## Available records
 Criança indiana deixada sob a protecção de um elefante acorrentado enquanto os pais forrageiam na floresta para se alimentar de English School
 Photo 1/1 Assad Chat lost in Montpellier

* * *

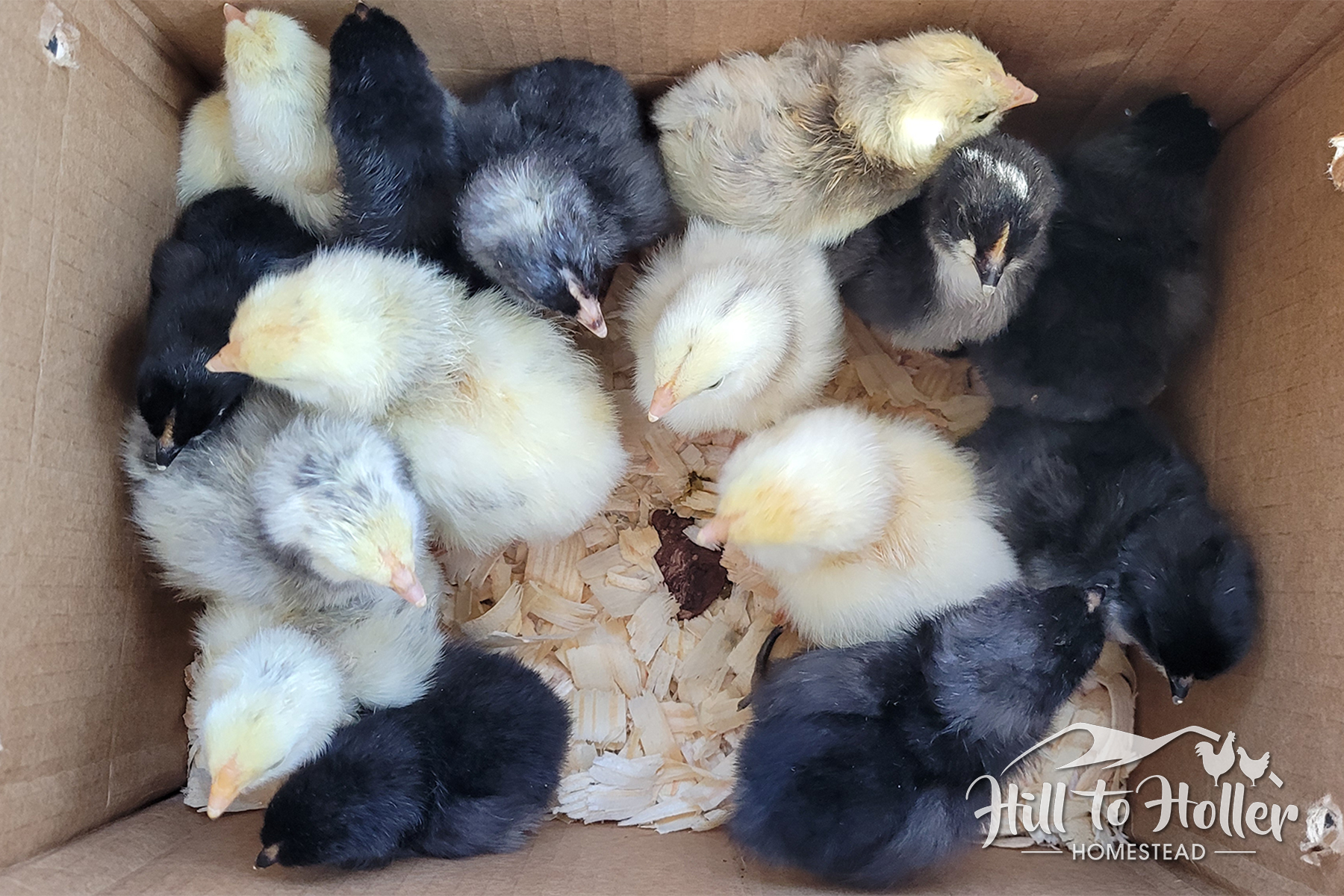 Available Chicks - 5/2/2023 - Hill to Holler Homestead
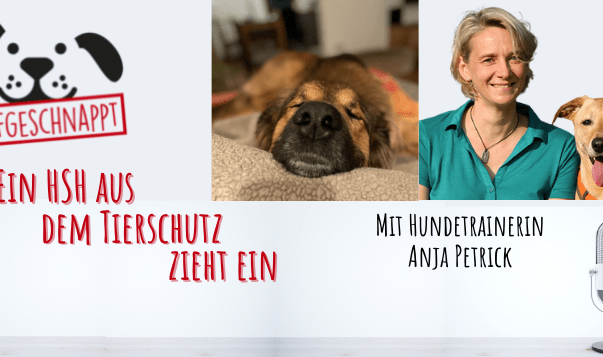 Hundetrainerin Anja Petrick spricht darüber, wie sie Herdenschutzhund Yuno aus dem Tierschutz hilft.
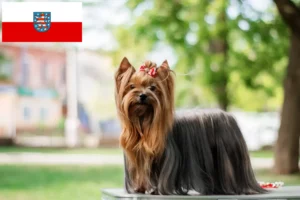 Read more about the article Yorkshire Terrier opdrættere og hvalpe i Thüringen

==

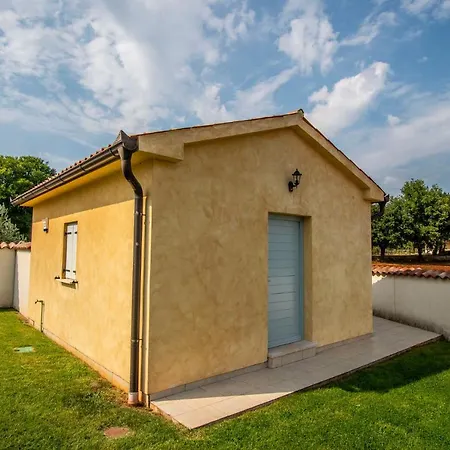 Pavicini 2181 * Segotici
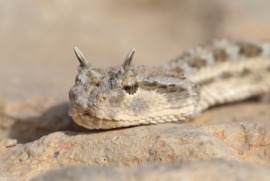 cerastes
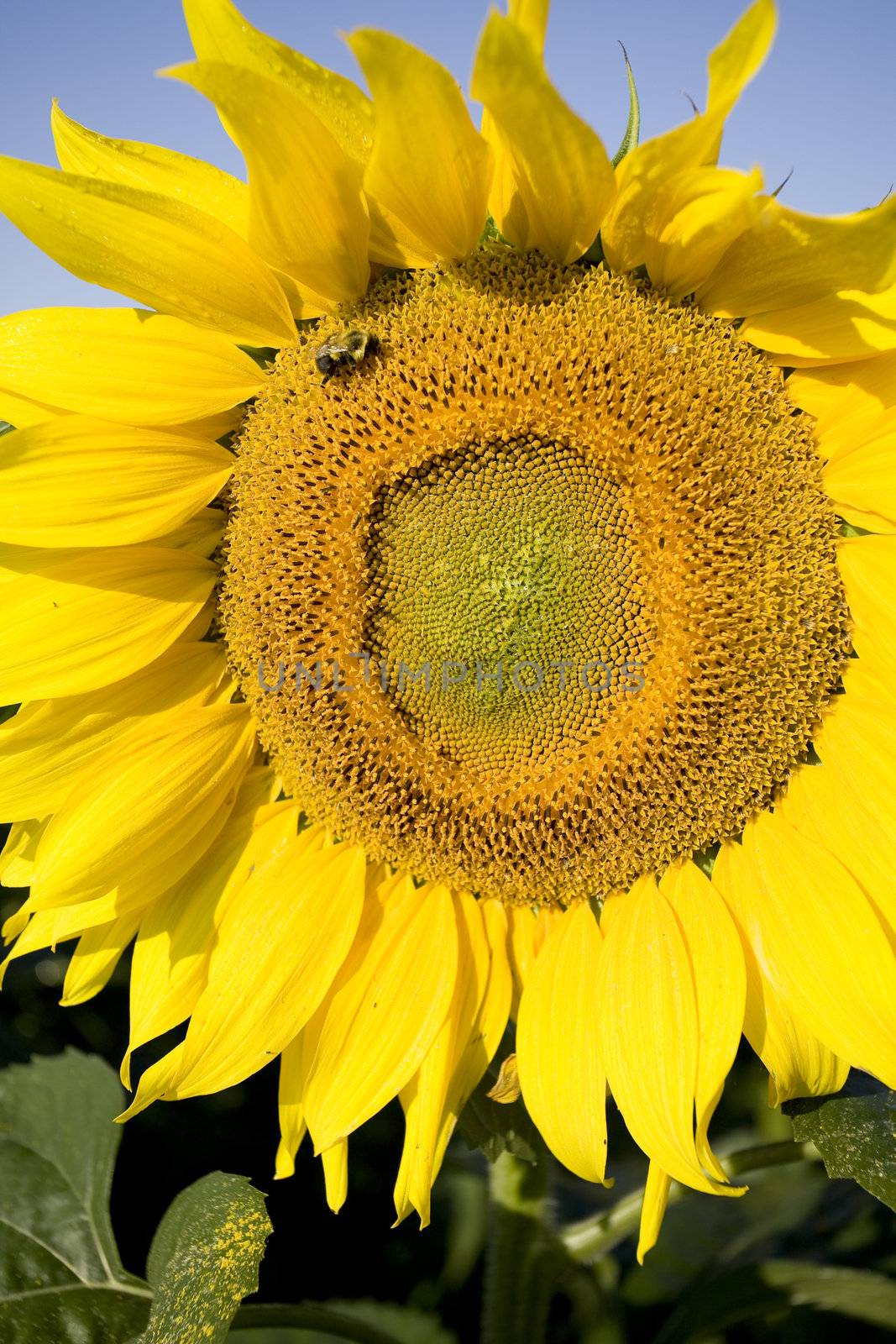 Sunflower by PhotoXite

## About this exercise
Using the listing above, restate exactly the range between the lines holding "Pavicini 2181 * Segotici" and "Sunflower by PhotoXite", inclusive, with pictures left out.

## Finished task
 Pavicini 2181 * Segotici
 cerastes
 Sunflower by PhotoXite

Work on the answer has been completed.